(Excerpted records Opens)

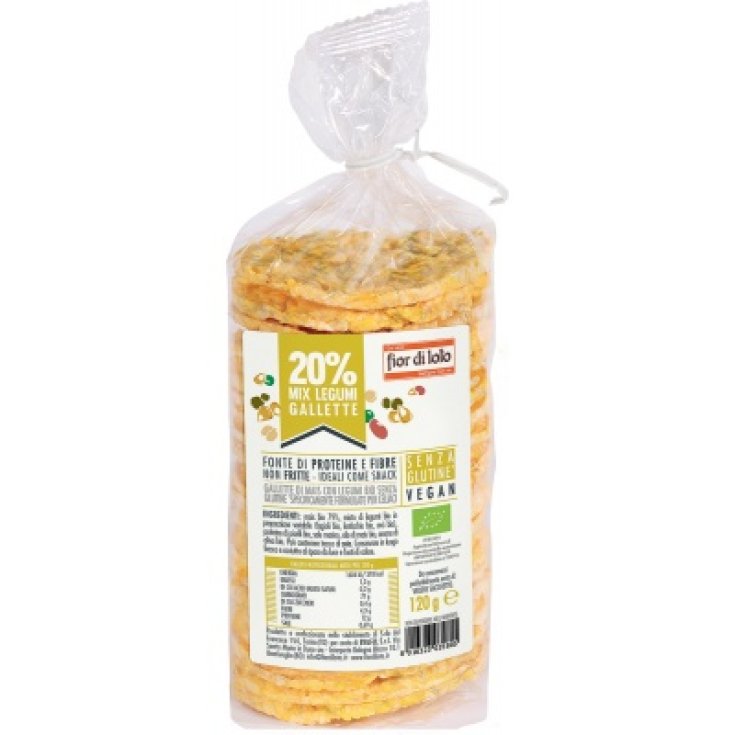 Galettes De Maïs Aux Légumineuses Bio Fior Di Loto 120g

(Excerpted records Closes)
(Excerpted records Opens)

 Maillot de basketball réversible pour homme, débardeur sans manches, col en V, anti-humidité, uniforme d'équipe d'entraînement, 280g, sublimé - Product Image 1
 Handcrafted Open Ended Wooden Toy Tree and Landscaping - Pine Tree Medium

(Excerpted records Closes)

Aim of the task: Beginning at the line above with "Maillot de basketball" and finishing at the line with "Handcrafted Open Ended", return each line exactly and return nothing else.

Written response:
 Maillot de basketball réversible pour homme, débardeur sans manches, col en V, anti-humidité, uniforme d'équipe d'entraînement, 280g, sublimé - Product Image 1
 Handcrafted Open Ended Wooden Toy Tree and Landscaping - Pine Tree Medium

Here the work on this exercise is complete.